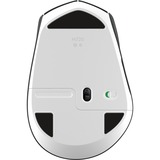 Logitech M720 mus Højre hånd RF trådløs + Bluetooth Optisk 1000 dpi Sort, Højre hånd, Optisk, RF trådløs + Bluetooth, 1000 dpi, Sort, Hvid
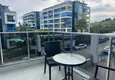 Dostępny zakup Jednopokojowe mieszkanie do wynajęcia w kompleksie z bogatą infrastrukturą i prywatną plażą — Alanya, dzielnica Kestel F11 12 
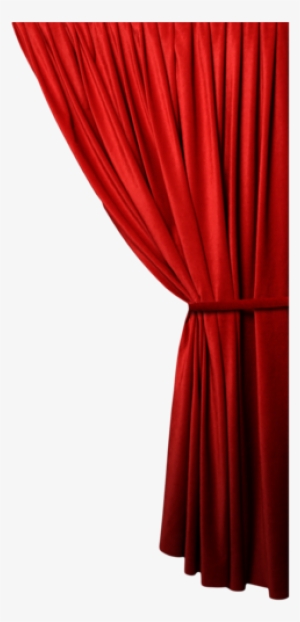 Stage Curtains Clipart - Curtains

· · · · · · ·

▸ **WORK TO BE COMPLETED**
Return the lines of the data above in full and exactly, with no pictures.

▸ **RESPONSE BOX**
 Logitech M720 mus Højre hånd RF trådløs + Bluetooth Optisk 1000 dpi Sort, Højre hånd, Optisk, RF trådløs + Bluetooth, 1000 dpi, Sort, Hvid
 Dostępny zakup Jednopokojowe mieszkanie do wynajęcia w kompleksie z bogatą infrastrukturą i prywatną plażą — Alanya, dzielnica Kestel F11 12 
 Stage Curtains Clipart - Curtains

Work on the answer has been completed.